Earth’s soil is drying up. It could be irreversible.
The amount of water stored on lands across Earth’s continents has declined at such staggering levels that changes are likely irreversible while humans are alive, a study published Thursday found.
The losses in soil moisture – a result of the planet’s climate conditions and prolonged droughts – already pose issues for farming, irrigation systems and critical water resources for humans. But it also affects sea-level rise and Earth’s rotation – datasets the research team used to better track water storage for decades longer than previous studies.
“What we were looking for was evidence of changing hydrology around the world,” said Jay Famiglietti, co-author of the study published in Science. “What we found was this unprecedented decrease in soil moisture in the early part of the 21st century, which took us by surprise.”
The team found that from 1979 to 2016, the biggest soil moisture losses occurred between 2000 and 2002 – losing around 1,614 gigatons of water from land. The team estimated that it added to global mean sea-level rise at a rate of about 1.95 millimeters a year.

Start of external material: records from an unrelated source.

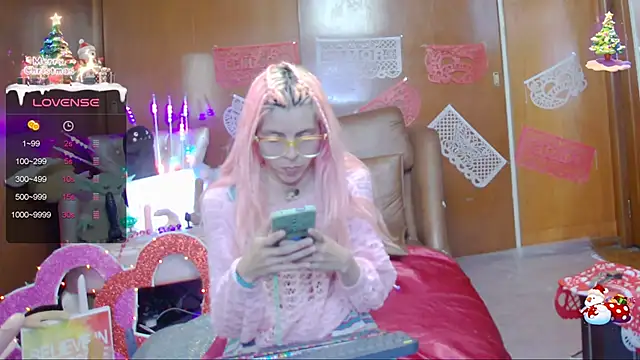 Snapshot of Skinygirl chatting on 02-04-25, 11:59 Skinygirl online show from 02-04-25, 11:59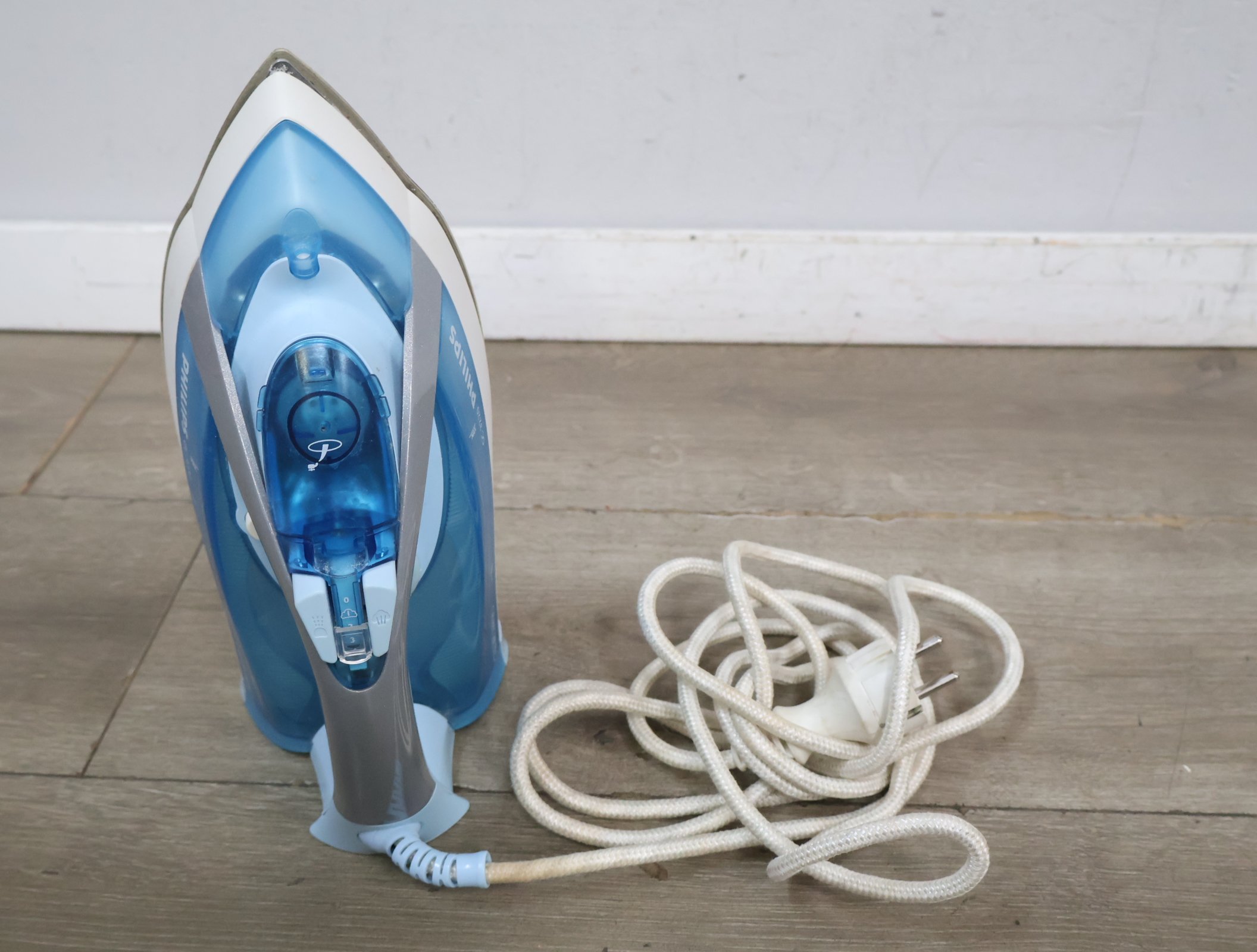 Elektrisch stoomstrijkijzer Philips GC3220'' – foto 3 – kavel bij GSD Auctions, Zoeterwoude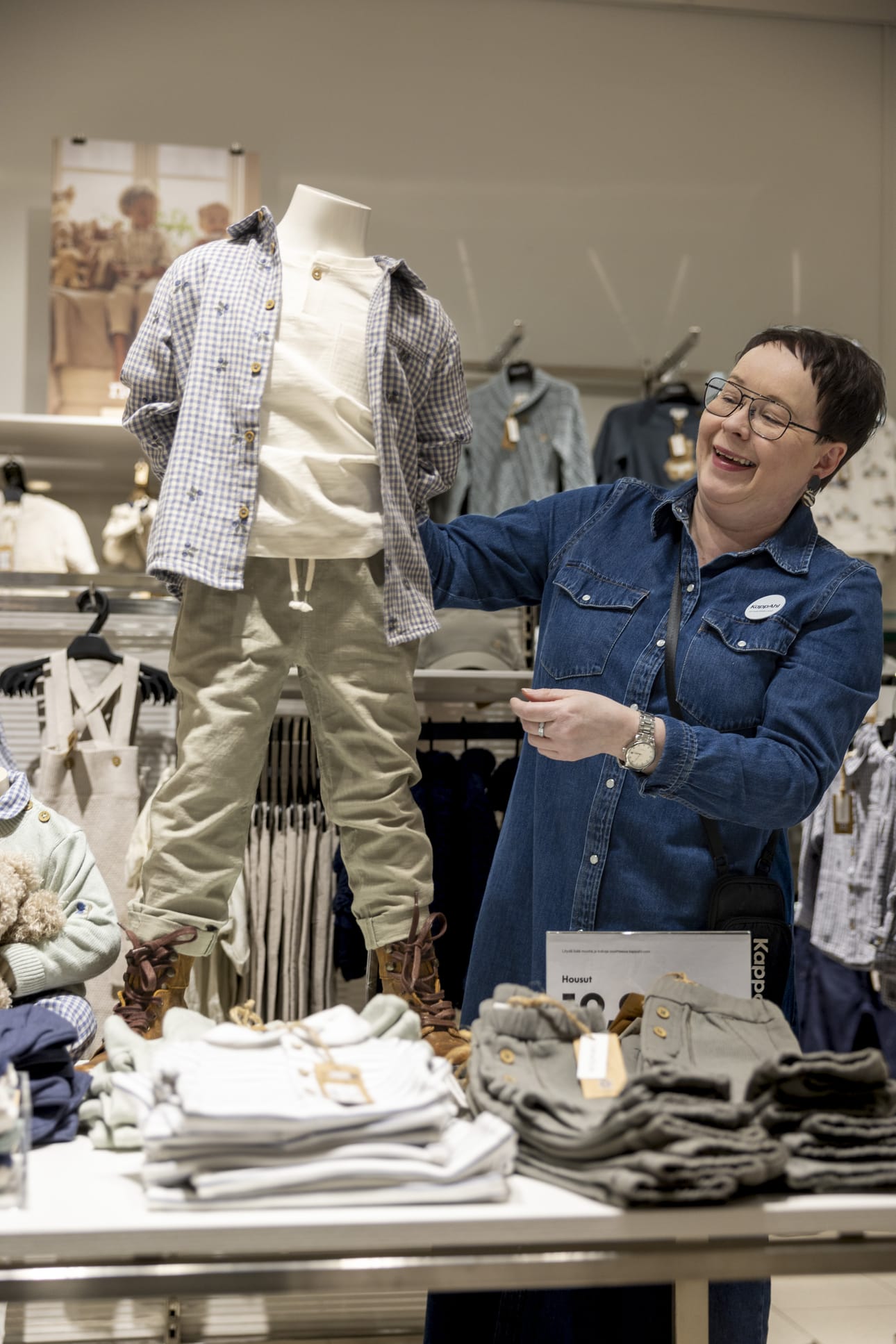 Vaatemyymälän tilat ovat pienentyneet takavuosista ja verkkokaupan rooli kasvaa edelleen, Kappahlin myymäläpäällikkö Piia Kokko kertoo.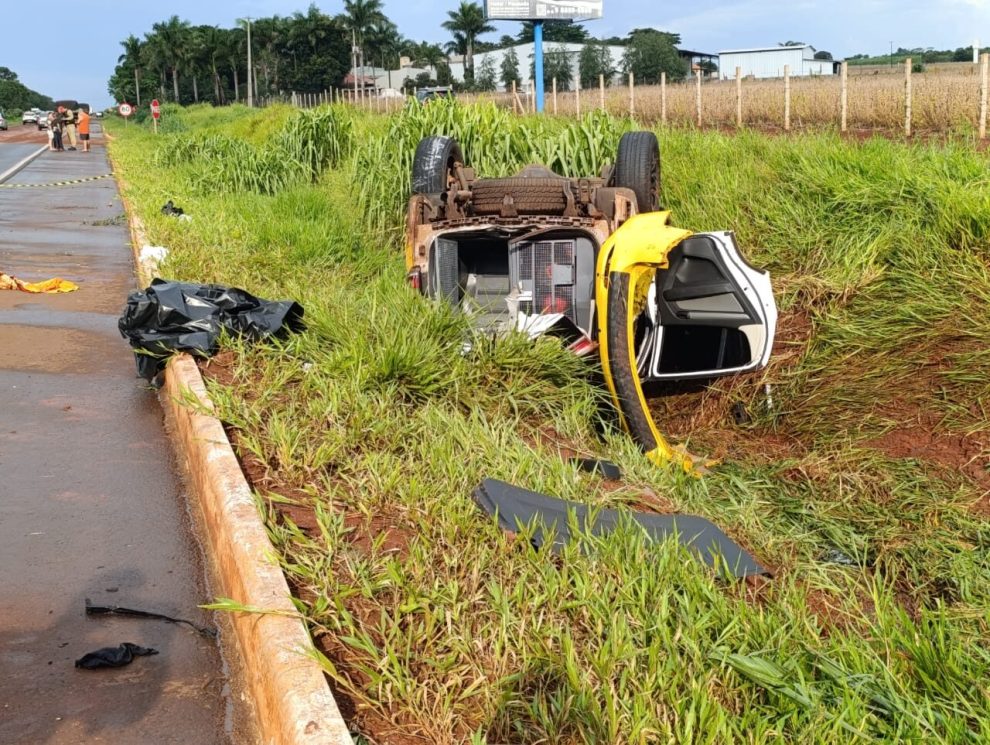 Viatura capota na PR-323 e deixa um policial morto e outro em estado grave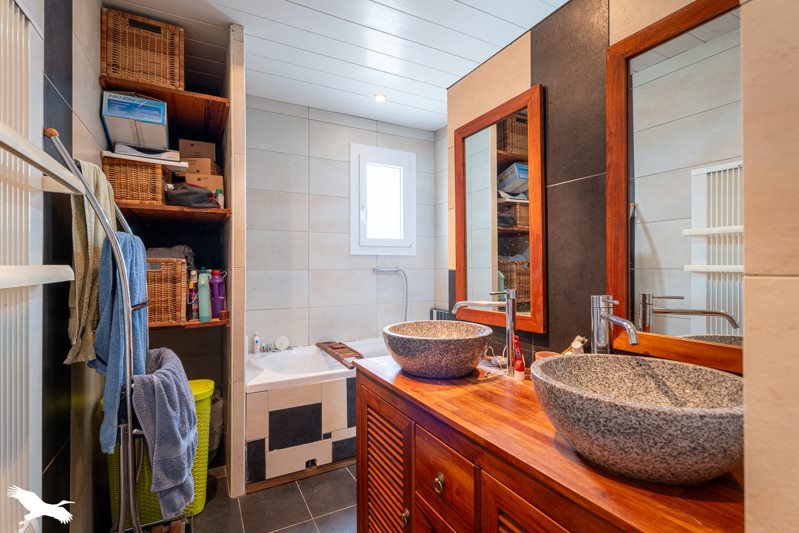 Vente Maison MARIGNAC - 8 pièces -201 m² - (17800)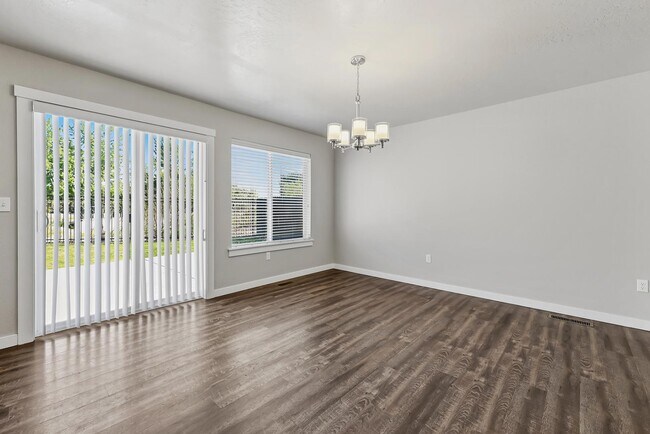 Building Photo - 2662 W Jayton Dr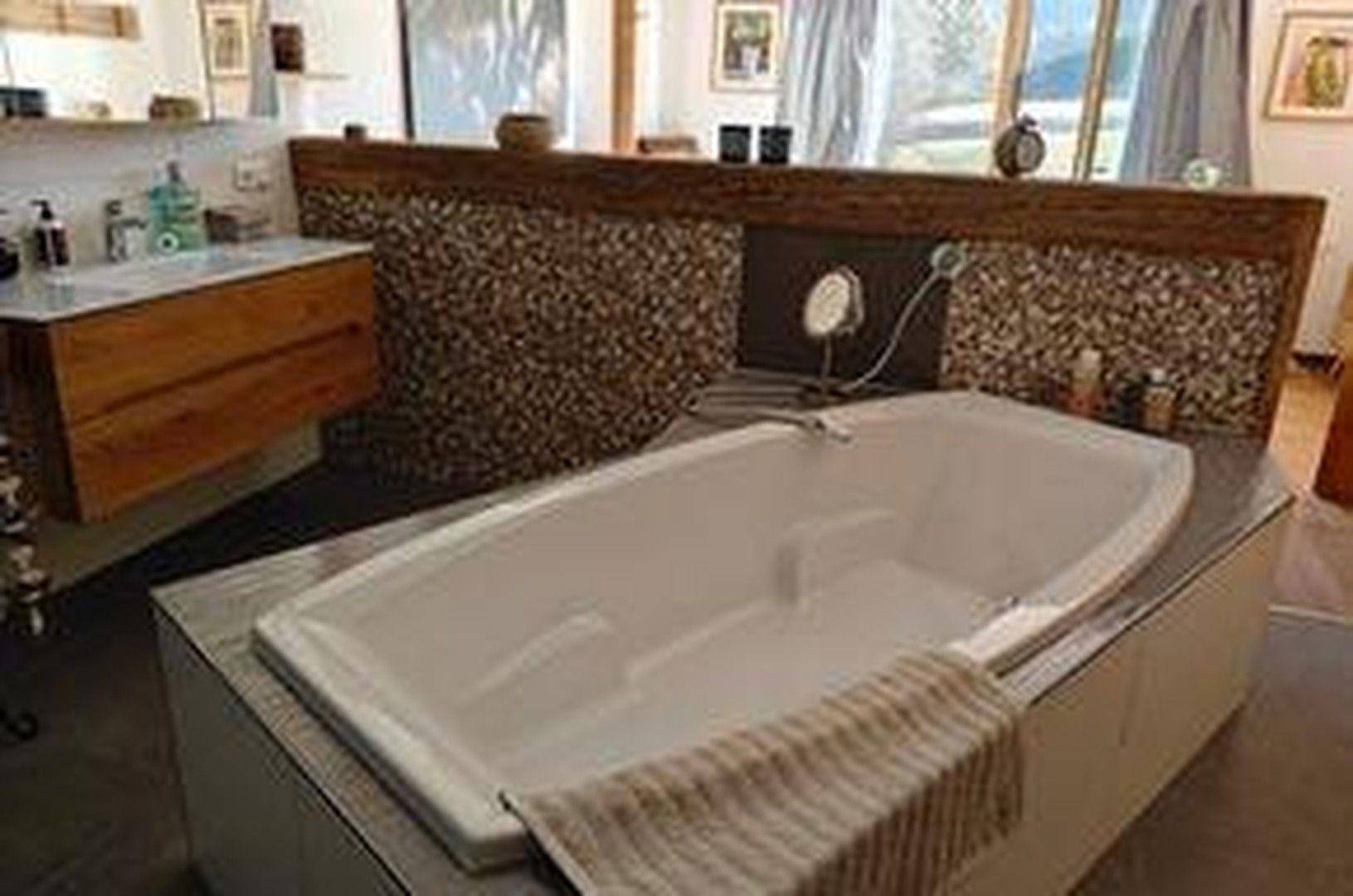 Riesenbadewanne Wellness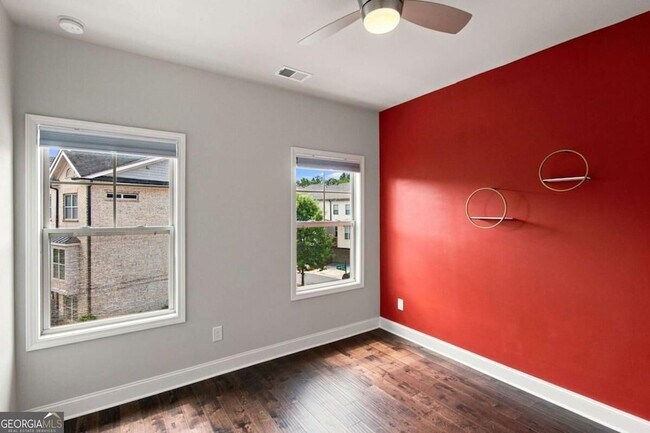 Building Photo - 7850 Laurel Crest Dr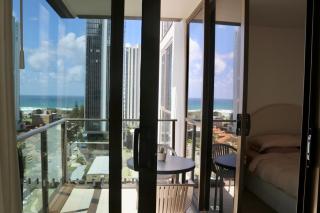 Oceanview Broadbeach - Close to everything! - 1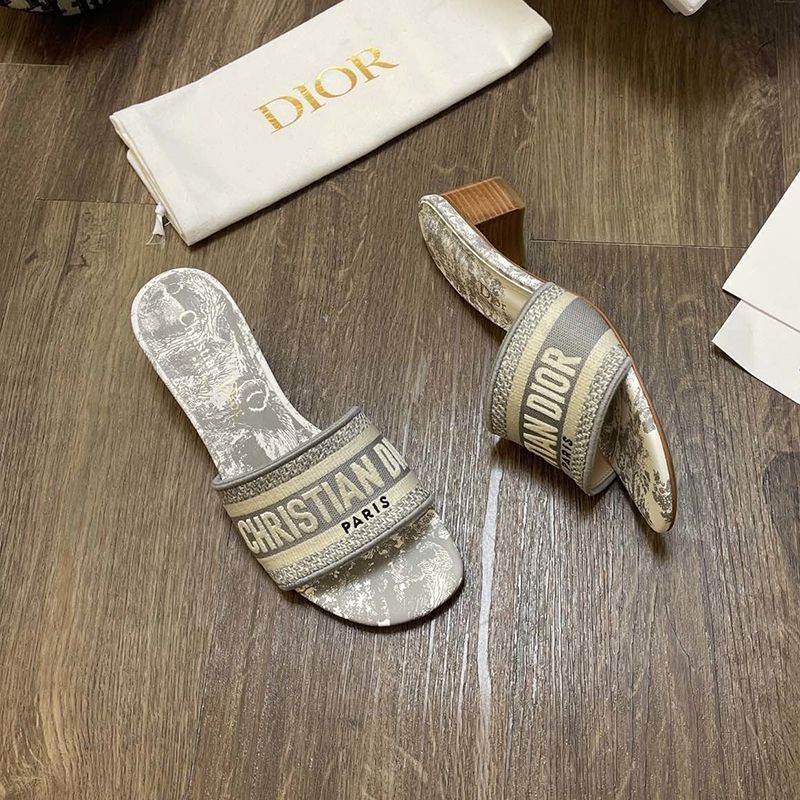 New on sale Dior D-way heeled mules replica ★ White toile de jouy embroidered cotton deq90590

The startling contribution to rising sea levels was larger than Greenland’s ice loss around that time. Greenland contributed about 0.8 millimeters a year in recent decades. From 2002 to 2006, it lost about 900 gigatons.
“The rate of water dumping into the oceans was bigger from terrestrial water storage than from what we normally think of as the biggest source, which was the melting of Greenland,” said Clark Wilson, a co-author and geophysicist at University of Texas at Austin.
Famiglietti agreed that “soil moisture depletion is playing a bigger role in sea level rise than we previously thought.”
The biggest drops in soil moisture during that period occurred in large regions in East and Central Asia, Central Africa, and North and South America. The study showed the decline was primarily driven by changes in precipitation patterns and more drying power from the atmosphere because of rising temperatures.
“Remarkably, the global-scale drought that occurred between 2000 and 2002 was largely unnoticed at the time,” said Ki-Weon Seo, lead author and geophysicist at Seoul National University. “This study suggests that greater attention should be paid to drought events.”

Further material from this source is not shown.